__Your task__:
Give an exact transcription limited to the lines from the one with "Etelvina Ramos: de" through the end of the entries, including both; no pictures belong in it.
==== Available data
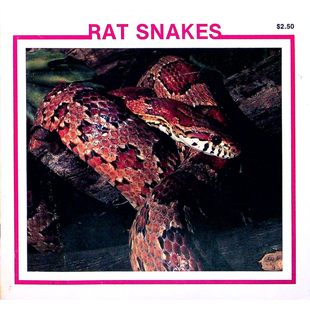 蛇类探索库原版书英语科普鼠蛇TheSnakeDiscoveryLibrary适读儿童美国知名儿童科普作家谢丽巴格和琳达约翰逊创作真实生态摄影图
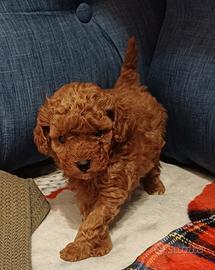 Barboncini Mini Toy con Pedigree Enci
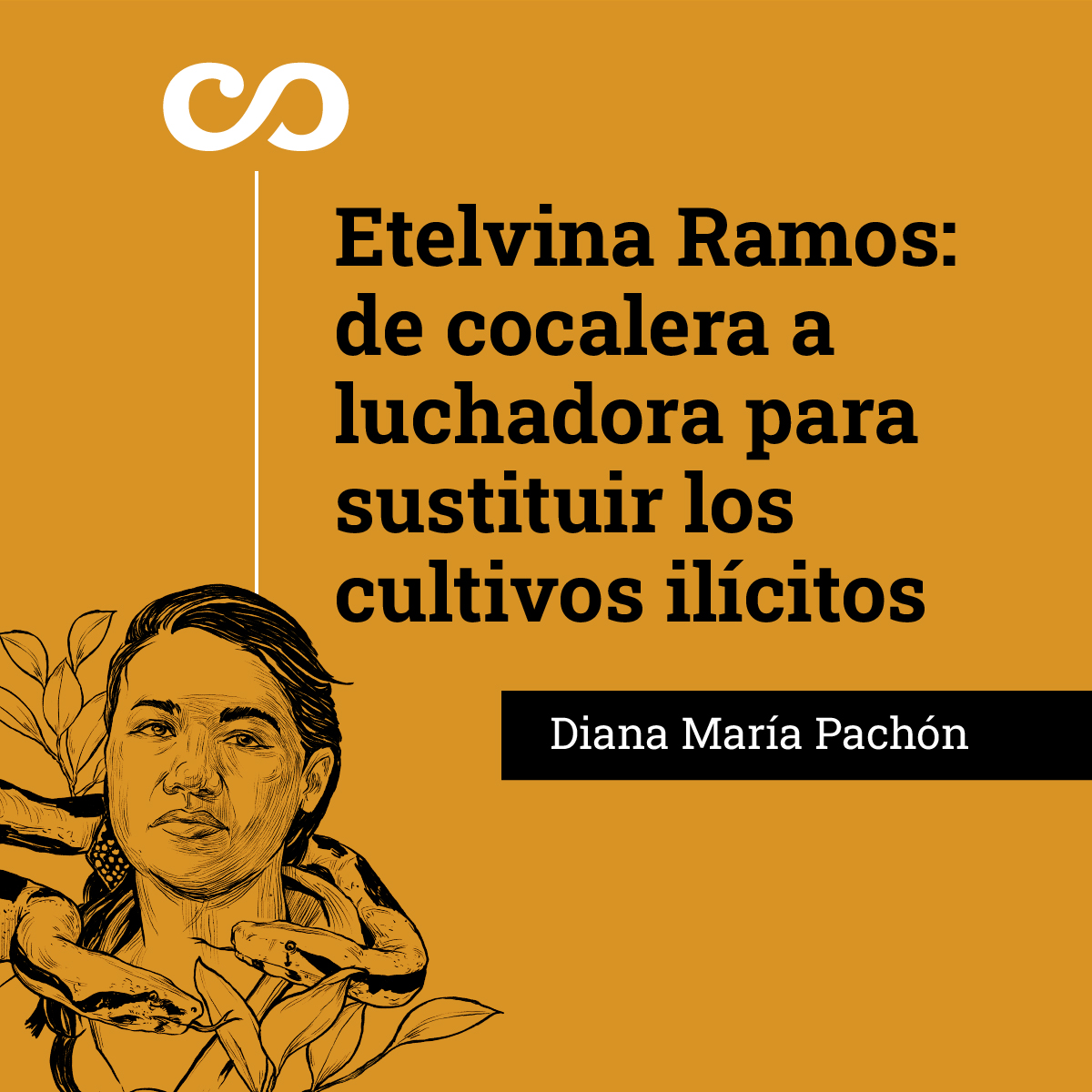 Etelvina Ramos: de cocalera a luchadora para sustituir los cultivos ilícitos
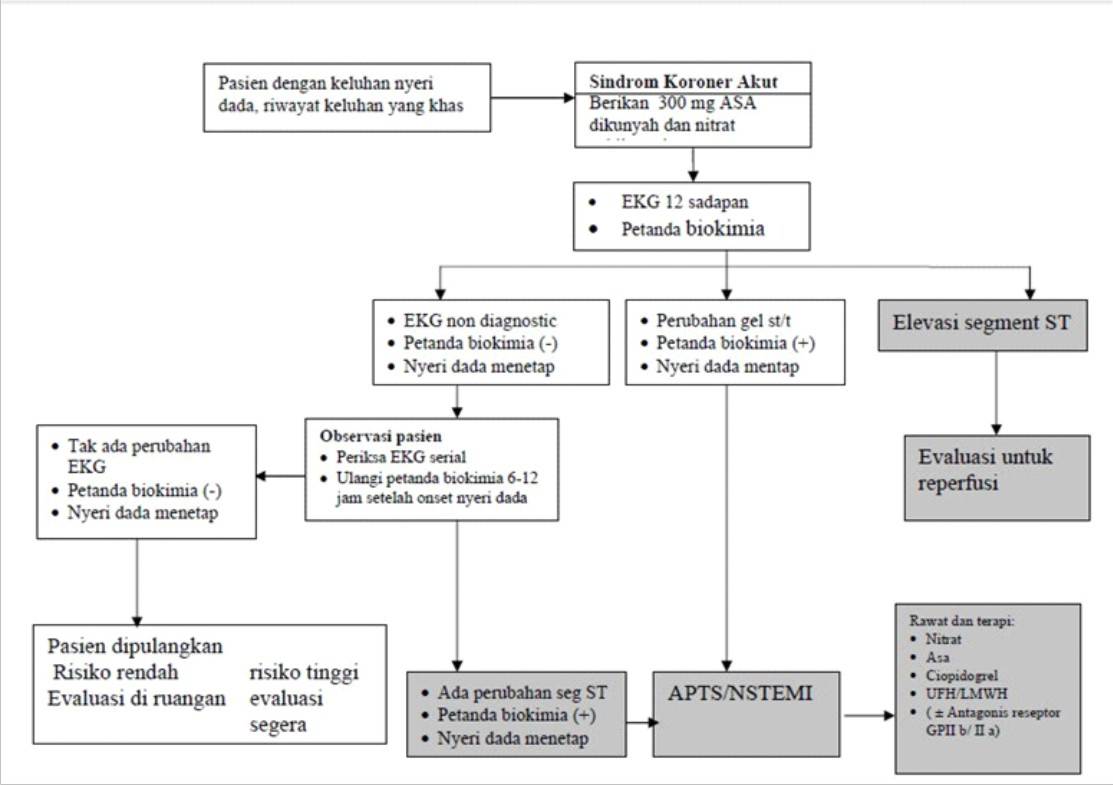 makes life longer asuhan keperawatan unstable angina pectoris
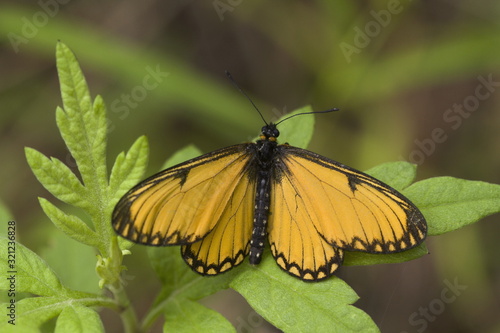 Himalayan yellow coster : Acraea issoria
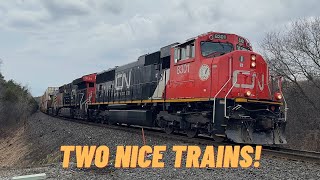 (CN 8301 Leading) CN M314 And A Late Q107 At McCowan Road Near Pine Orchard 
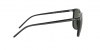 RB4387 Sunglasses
========
__Task solution__:
 Etelvina Ramos: de cocalera a luchadora para sustituir los cultivos ilícitos
 makes life longer asuhan keperawatan unstable angina pectoris
 Himalayan yellow coster : Acraea issoria
 (CN 8301 Leading) CN M314 And A Late Q107 At McCowan Road Near Pine Orchard 
 RB4387 Sunglasses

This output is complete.